In [17]:
import os
try:
    os.chdir('Users/giosue.cotugno/mlops_titanic/notebooks/')
except:
    print('already moved')

already moved


# imports

In [18]:

from azureml.data.data_reference import DataReference
from azureml.pipeline.core import Pipeline, PipelineData
from azureml.pipeline.steps import PythonScriptStep
import os
from azureml.core import Workspace,Experiment, Environment
from azureml.core.compute import AmlCompute
from azureml.core.compute import ComputeTarget
from azureml.core.compute_target import ComputeTargetException

# Defining utility function

In [19]:
def getOrCreateCompute(ws:Workspace):
    
    

    aml_compute_target = "testcot"
    try:
        aml_compute = AmlCompute(ws, aml_compute_target)
        print("found existing compute target.")
    except ComputeTargetException:
        print("creating new compute target")

        provisioning_config = AmlCompute.provisioning_configuration(vm_size = "STANDARD_D2_V2",
                                                                    min_nodes = 0, 
                                                                    max_nodes = 4)    
        aml_compute = ComputeTarget.create(ws, aml_compute_target, provisioning_config)
        aml_compute.wait_for_completion(show_output=True, min_node_count=None, timeout_in_minutes=20)
    finally:
        return aml_compute

In [20]:
def createRunConfig(ws):
    
    from azureml.core.runconfig import RunConfiguration
    from azure.ai.ml import MLClient
    from azure.identity import DefaultAzureCredential
    from azureml.core import Environment
    # create a new runconfig object
    run_config = RunConfiguration()
    env = Environment.get(workspace=ws, name='TITANIC', version='1')

    run_config.environment=env

    

    return run_config

# Build dev pipeline

In [21]:
ws = Workspace.from_config()
print(ws.name, ws.resource_group, ws.location, ws.subscription_id, sep = '\n')

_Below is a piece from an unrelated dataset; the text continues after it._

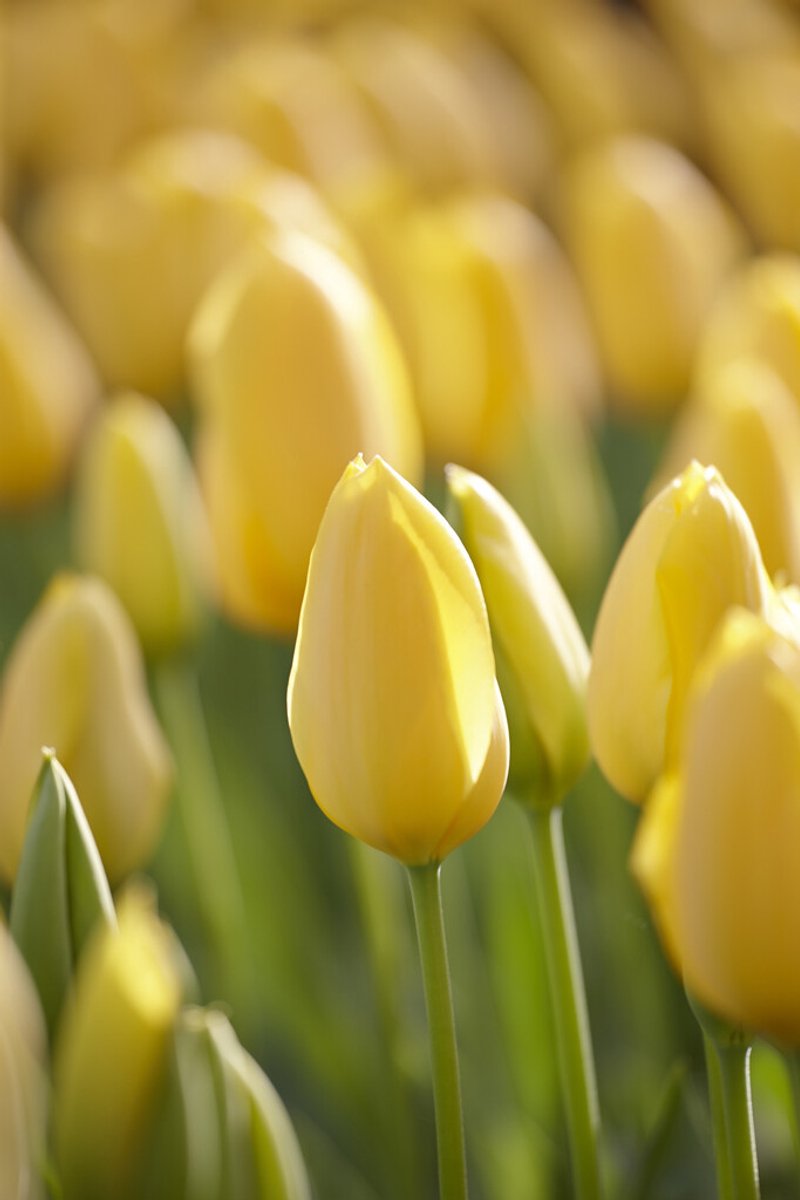 Tulp Big Smile | 10 stuks | Tulpenbollen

# Default datastore (Azure blob storage)
def_blob_store = ws.get_default_datastore()
#def_blob_store = Datastore(ws, "workspaceblobstore")
print("Blobstore's name: {}".format(def_blob_store.name))
#Upload file to datastore

# Use a CSV to read in the data set.
file_name = "../data/rawdata/train.csv"

if not os.path.exists(file_name):
    raise Exception(
        'Could not find CSV dataset at "%s". '
        % file_name
    )  # NOQA: E50
# Upload file to default datastore in workspace

mlops-aml-ws
mlops-rg
westeurope
f90533aa-280d-40b9-9949-a7ba0ee9511f
Blobstore's name: workspaceblobstore


# Uploading data to blob storage

In [22]:
target_path = "training-data/"
def_blob_store.upload_files(
    files=[file_name],
    target_path=target_path,
    overwrite=True,
    show_progress=False,
)

blob_input_data = DataReference(
    datastore=def_blob_store,
    data_reference_name="test_data",
    path_on_datastore="training-data/train.csv")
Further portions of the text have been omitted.